◆ What the exercise asks ◆
Could the entries below be reproduced exactly, with the images removed?
-*-*-
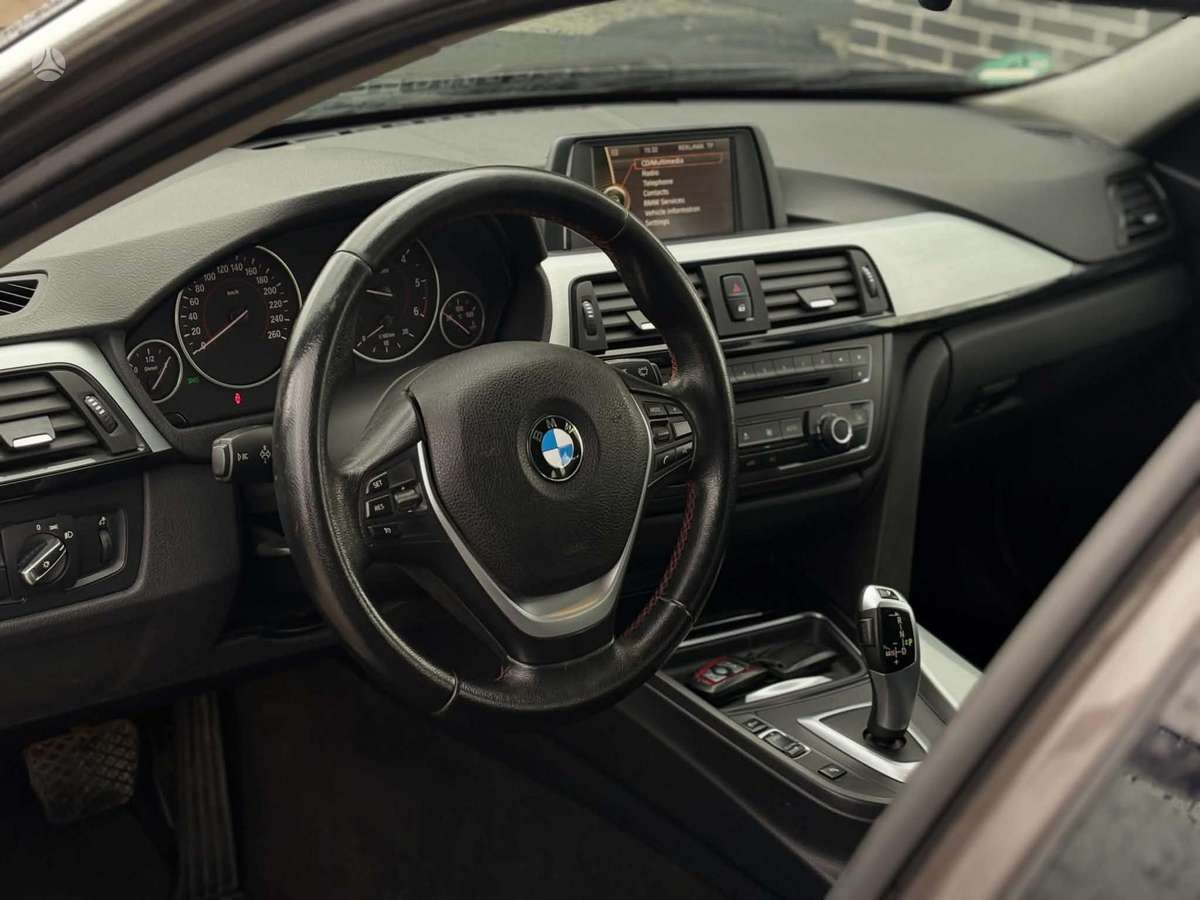 BMW 320 2012 — photo 6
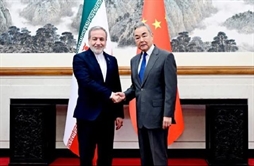 I.R. Iran, Ministry of Foreign Affairs- Iranian Chinese Foreign Ministers meet in Beijing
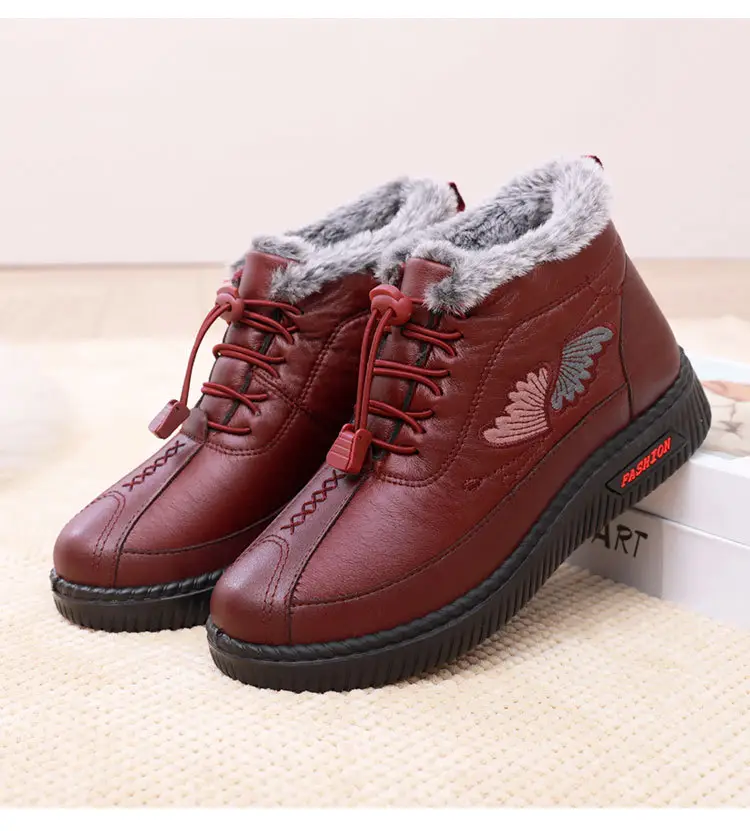 Winter Fleece-Lined Thickened Waterproof Snow Boots for Women, Old Beijing Style Mom Cotton Shoes, Short Boots for Middle-Aged and Elderly Women with Thick Soles — feature 23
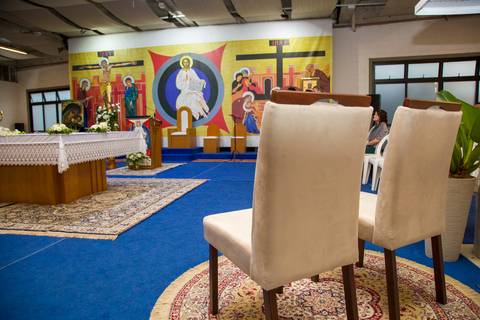 Duas cadeiras em primeiro plano para os noivos com vista do altar ao fundo na Paróquia Santa Suzana. Fotografia: Bruno Arita.'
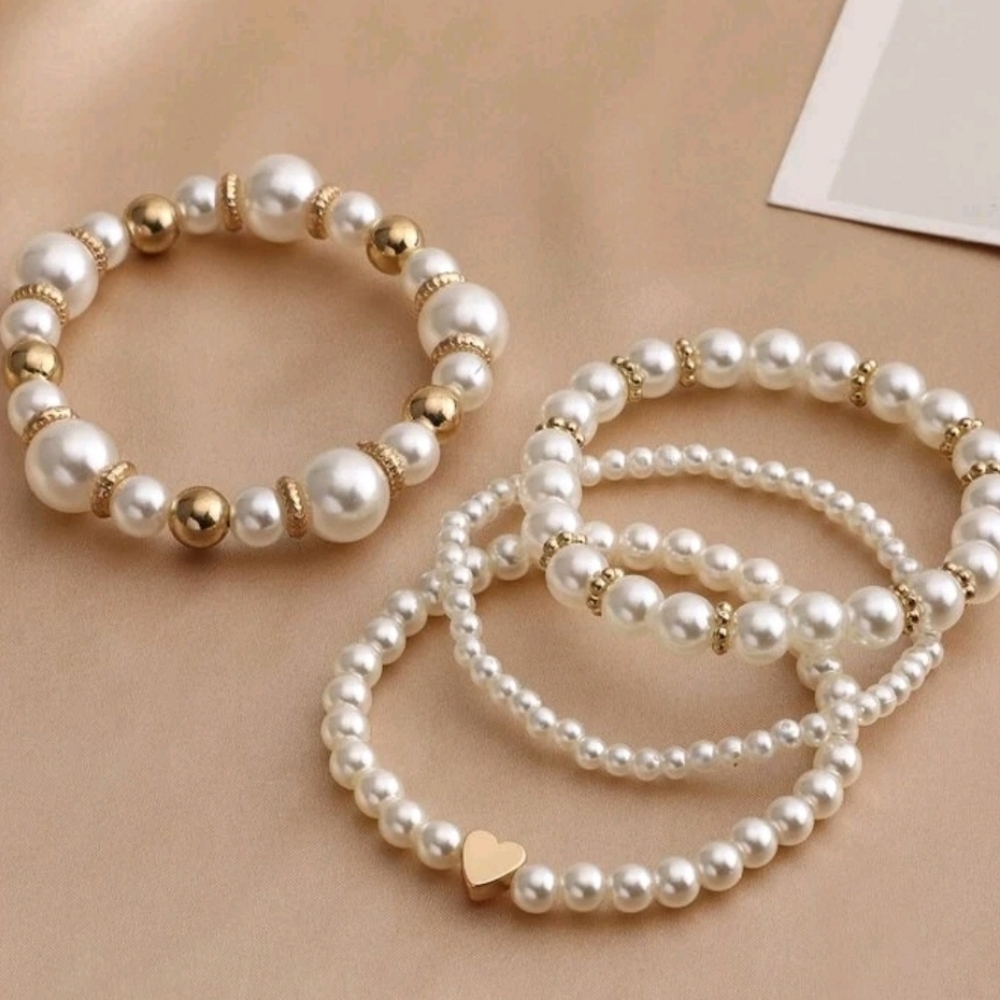 Elegant Pearl and Gold Bracelet Set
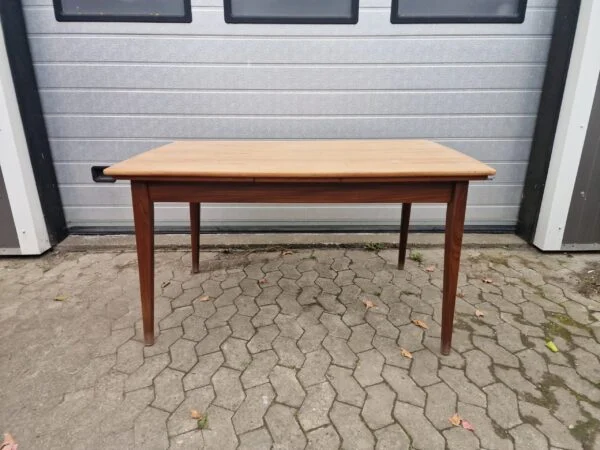 Spisebord i teak med hollandsk udtræk
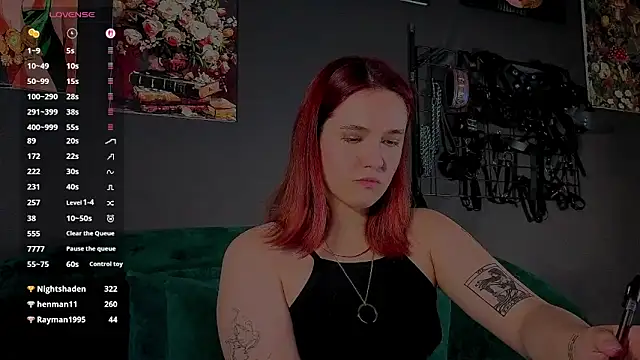 دردشة Serve_to_Alexa الجنسية المباشرة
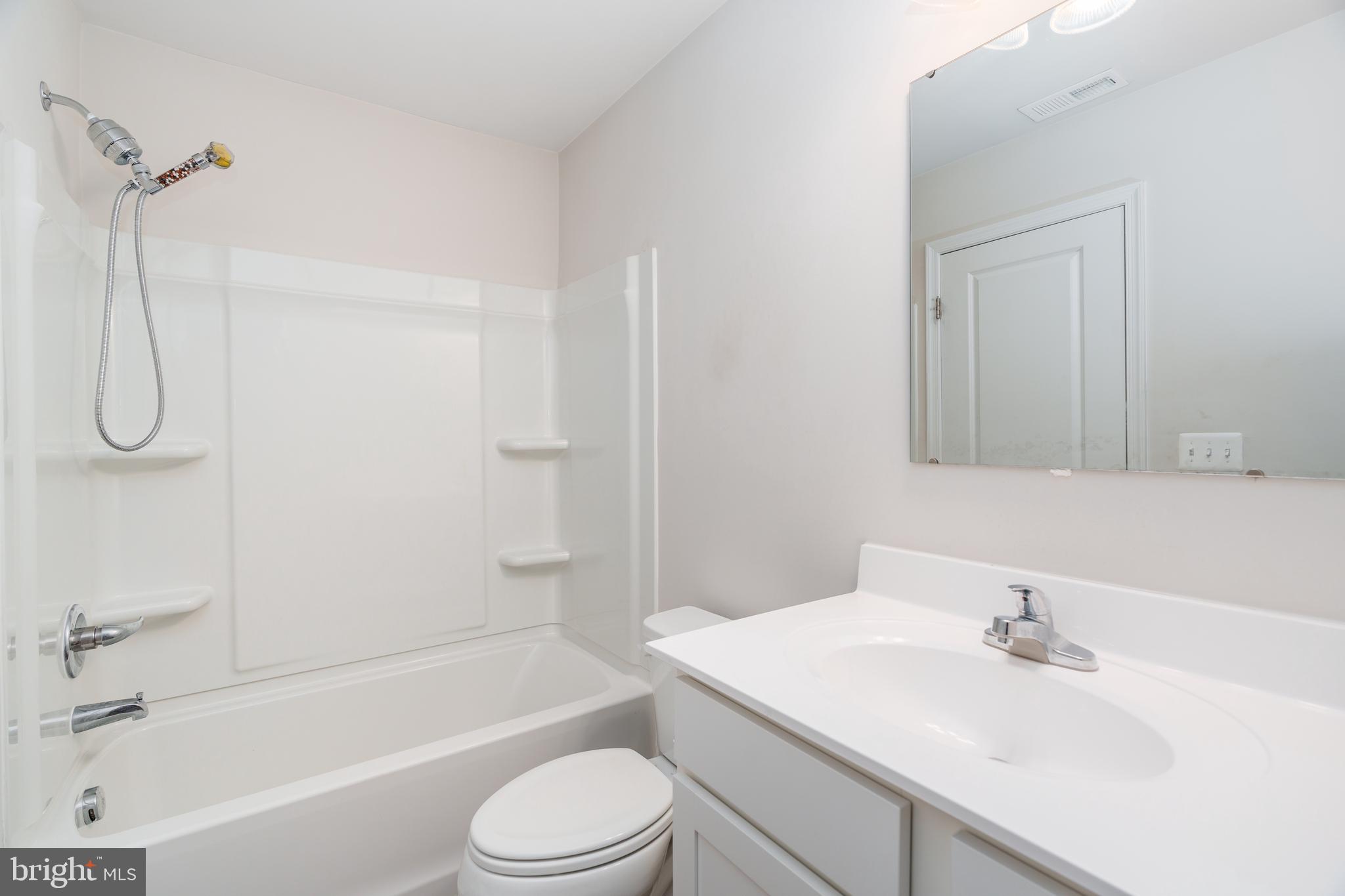118 Azalea Circle Elkton, MD 21921 - Photo 8 of 15 Full bath in owner's suite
-*-*-
◆ Task solution ◆
 BMW 320 2012 — photo 6
 I.R. Iran, Ministry of Foreign Affairs- Iranian Chinese Foreign Ministers meet in Beijing
 Winter Fleece-Lined Thickened Waterproof Snow Boots for Women, Old Beijing Style Mom Cotton Shoes, Short Boots for Middle-Aged and Elderly Women with Thick Soles — feature 23
 Duas cadeiras em primeiro plano para os noivos com vista do altar ao fundo na Paróquia Santa Suzana. Fotografia: Bruno Arita.'
 Elegant Pearl and Gold Bracelet Set
 Spisebord i teak med hollandsk udtræk
 دردشة Serve_to_Alexa الجنسية المباشرة
118 Azalea Circle Elkton, MD 21921 - Photo 8 of 15 Full bath in owner's suite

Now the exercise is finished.